Available data -
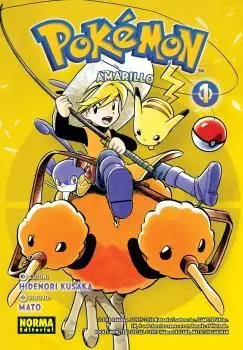 POKEMON 03. AMARILLO 01 (NUEVO PVP)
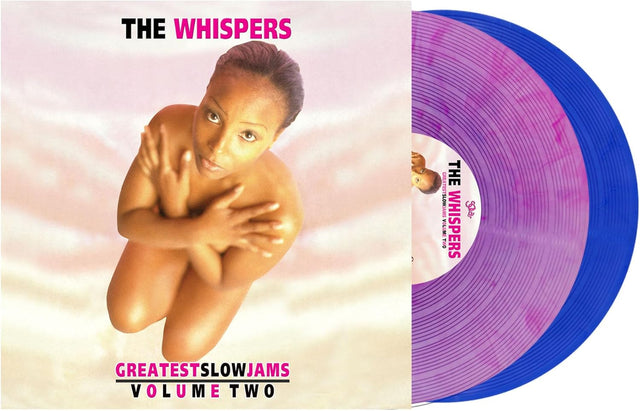 The Whispers - Greatest Slow Jams Volume Two (2 Color Vinyl)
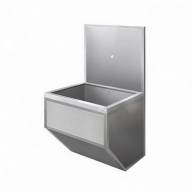 Ванна моечная консольная ВМПк-1/800*600*1200, сварная, односекционная, нержавеющая сталь, каркас-труба нерж. - Ванна моечная консольная ВМПк-1/800*600*1200, односекционная, нержавеющая сталь, каркас-труба нерж. - 4
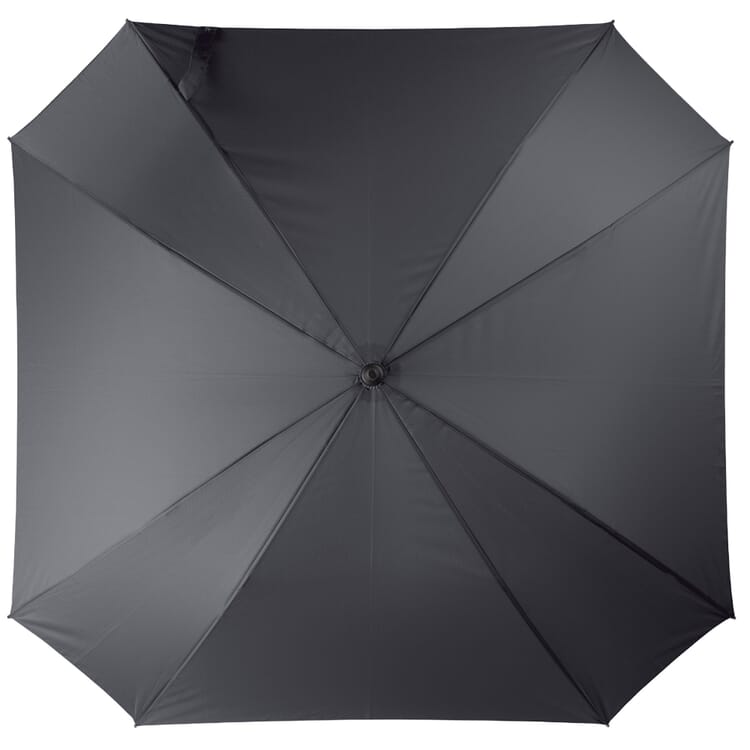 Luxus 27” quadratischer Regenschirm mit automatischer Öffnung
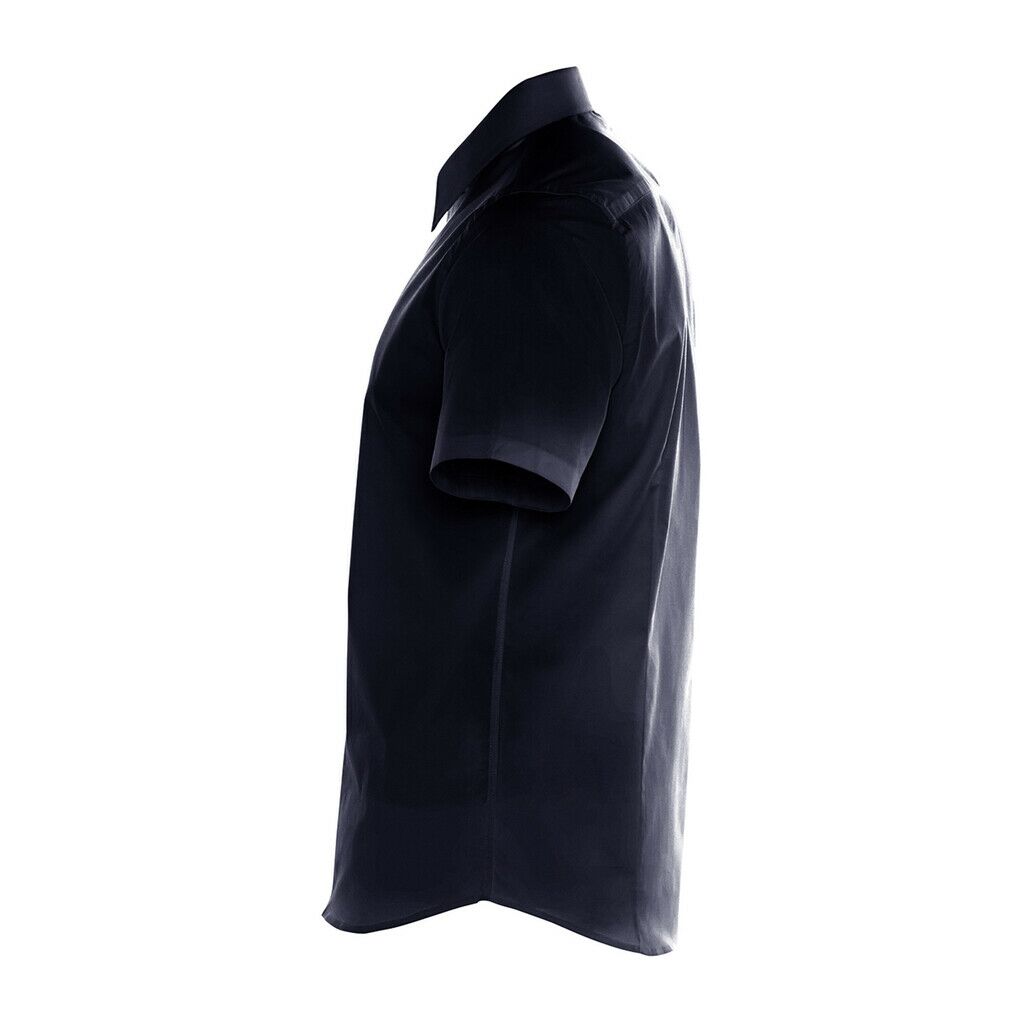 Herren Kurzarmhemd Stretch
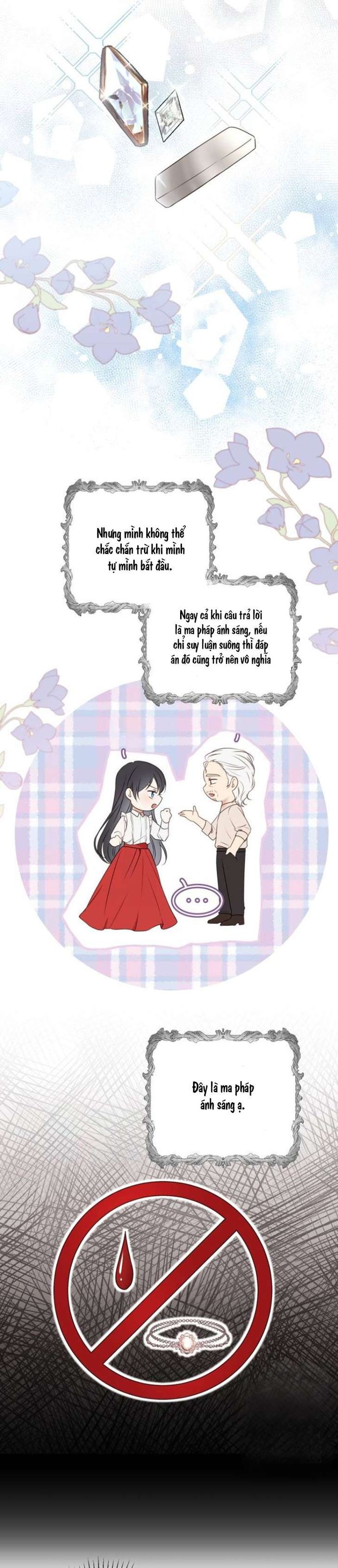 Ác nữ chỉ muốn sống yên bình - Chap 16 Ảnh 4
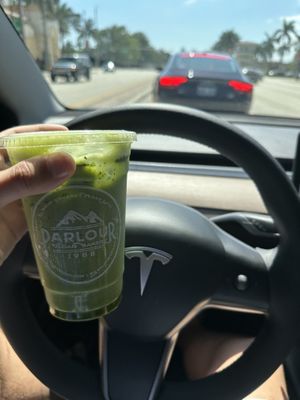   at Parlour Vegan Bakery in Boca Raton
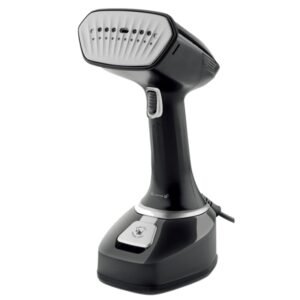 PORODO HANDHELD STEAMER BLACK SILVER Vsonic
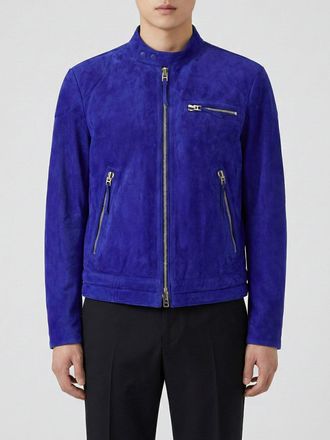 Tom Ford Giacca in pelle di vitello scamosciata Tom Ford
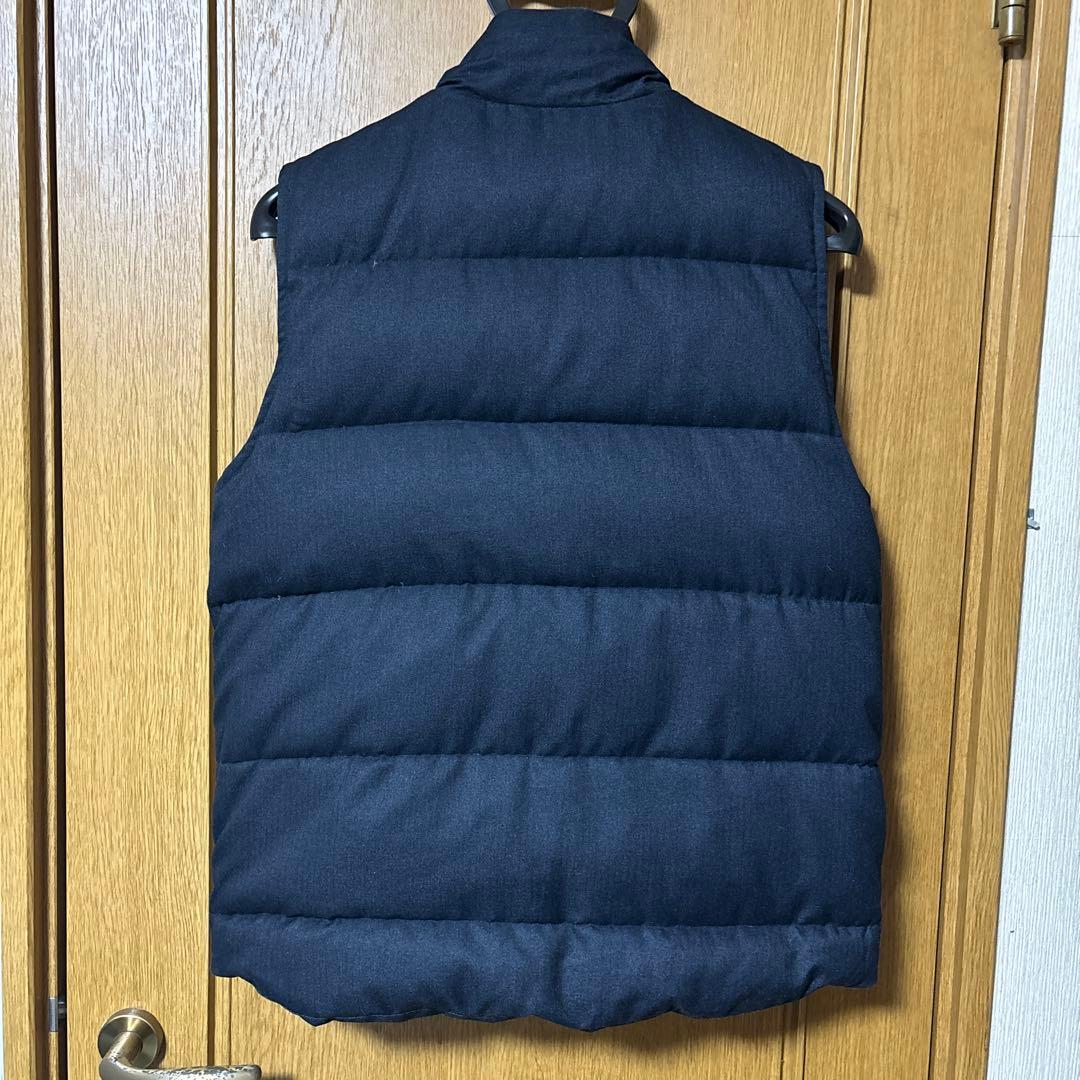 VAN JAC ネイビー ダウンベスト - メルカリ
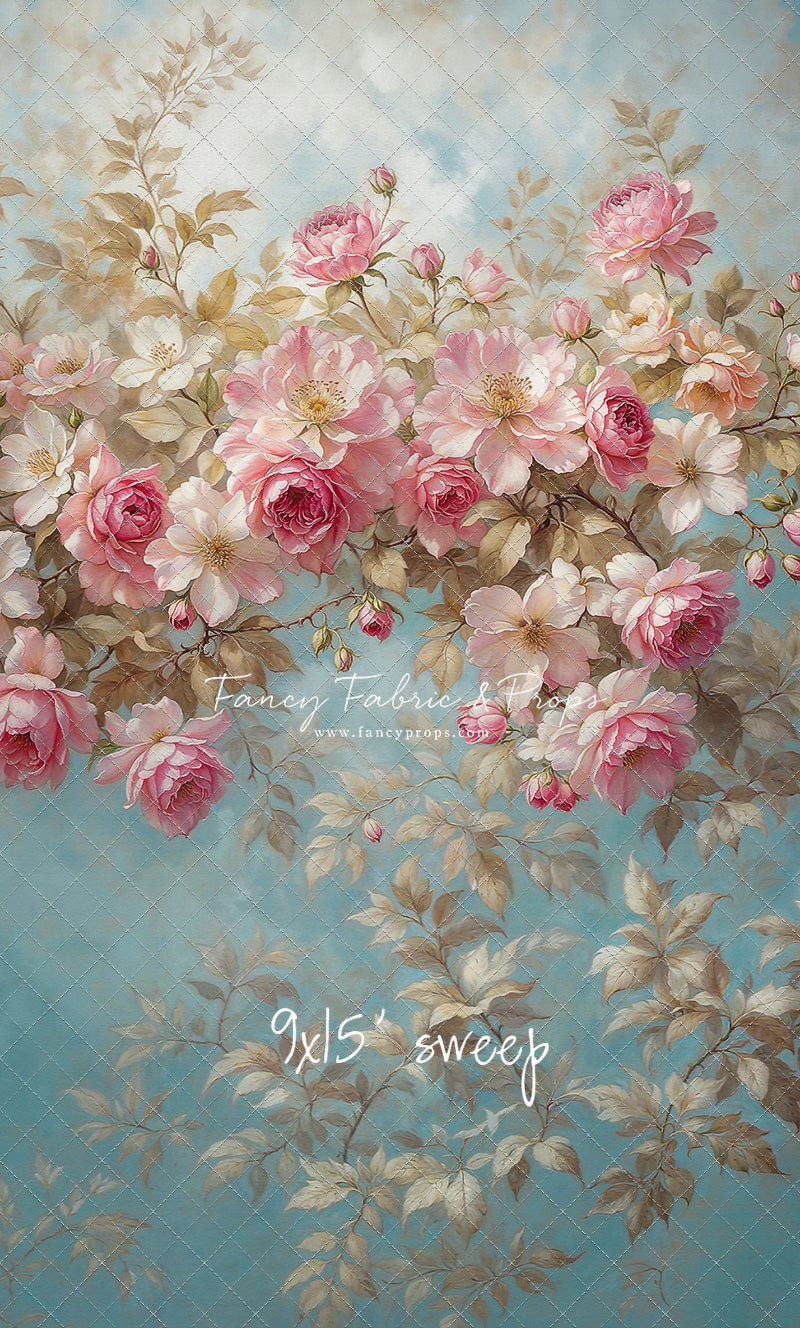 Heirloom Floral Tapestry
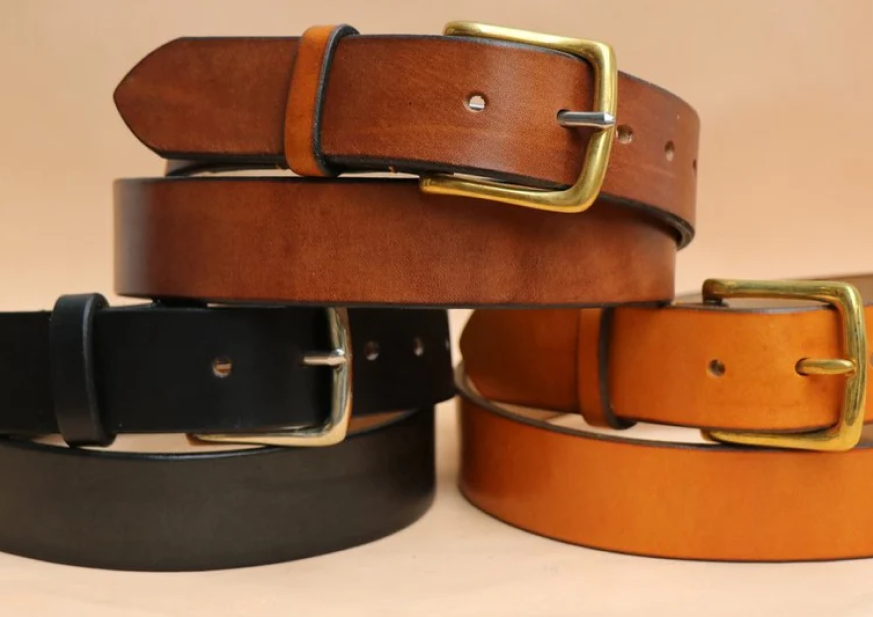 Bridle Leather belt - NU Tannery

Exercise description -
The material above is to be transcribed exactly, with its images omitted.

Answer for the task -
 POKEMON 03. AMARILLO 01 (NUEVO PVP)
 The Whispers - Greatest Slow Jams Volume Two (2 Color Vinyl)
 Ванна моечная консольная ВМПк-1/800*600*1200, сварная, односекционная, нержавеющая сталь, каркас-труба нерж. - Ванна моечная консольная ВМПк-1/800*600*1200, односекционная, нержавеющая сталь, каркас-труба нерж. - 4
 Luxus 27” quadratischer Regenschirm mit automatischer Öffnung
 Herren Kurzarmhemd Stretch
 Ác nữ chỉ muốn sống yên bình - Chap 16 Ảnh 4
   at Parlour Vegan Bakery in Boca Raton
 PORODO HANDHELD STEAMER BLACK SILVER Vsonic
 Tom Ford Giacca in pelle di vitello scamosciata Tom Ford
 VAN JAC ネイビー ダウンベスト - メルカリ
 Heirloom Floral Tapestry
 Bridle Leather belt - NU Tannery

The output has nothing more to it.